Line by line, retype the data exactly as it is given.

(Dataset entries)
* * *

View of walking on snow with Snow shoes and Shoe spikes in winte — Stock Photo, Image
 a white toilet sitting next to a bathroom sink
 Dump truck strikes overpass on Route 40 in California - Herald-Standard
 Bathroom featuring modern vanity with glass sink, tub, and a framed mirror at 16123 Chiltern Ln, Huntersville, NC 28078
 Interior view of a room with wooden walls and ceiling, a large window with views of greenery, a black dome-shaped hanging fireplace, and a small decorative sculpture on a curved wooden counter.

* * *

• RESULT:
View of walking on snow with Snow shoes and Shoe spikes in winte — Stock Photo, Image
 a white toilet sitting next to a bathroom sink
 Dump truck strikes overpass on Route 40 in California - Herald-Standard
 Bathroom featuring modern vanity with glass sink, tub, and a framed mirror at 16123 Chiltern Ln, Huntersville, NC 28078
 Interior view of a room with wooden walls and ceiling, a large window with views of greenery, a black dome-shaped hanging fireplace, and a small decorative sculpture on a curved wooden counter.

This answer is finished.